Comment by Ginden
4 years ago
> With this technology, it will be integrated into your router (and clients?), so turning those off will mean to turn off WiFi altogether.
It's rather unreasonable to think that you won't be able to turn off band on router. Especially given fact that 60Ghz is heavily shielded by _doors_, so any usable router would require fallback 2.4/5/6 Ghz connectivity.
802.11bf Wi-Fi 7 Sensing works with all frequencies, 2.4 and up.
Even if Neighbor 2 turns off their router, Neighbor 1 could passively use the radio waves from Neighbor 3's router to surveil reflections from Neighbor 2, including keyboard typing, heartrate/breathing, location and physical activity.

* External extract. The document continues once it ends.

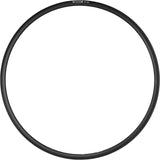 Mavic P1-25 Disc 700c Rim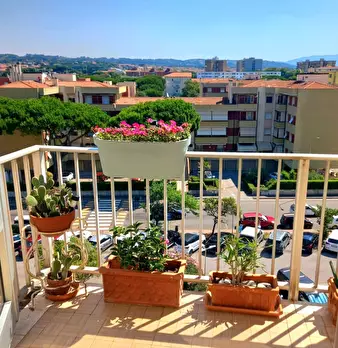 Foto annuncio 19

Previous discussion: https://news.ycombinator.com/item?id=27123493
The problem with this neighbor-spying fear is that "complex math using data from radio waves to sense stuff" is already possible and readily available by anyone willing to study and put in the world of building it, wifi 7 isn't suddenly enabling that part of rf analysis or mathematics.
Removing the PhD-level knowledge requirement from this particular mode of being an asshole doesn't sound like much of an improvement
yes, but the real threat with this is not that it makes something possible that is already possible, but it makes the barrier to use that tech a LOT lower.
Wrapping my house in tin foil is sounding a lot less conspiracy theorist now! Actually my house is going to be stuccoed - I wonder if they are using a metal mesh that I can ground. Hmm...
> wifi 7 isn't suddenly enabling that part of rf analysis or mathematics
It makes it suddenly ubiquitous when all new WiFi devices use the new standard.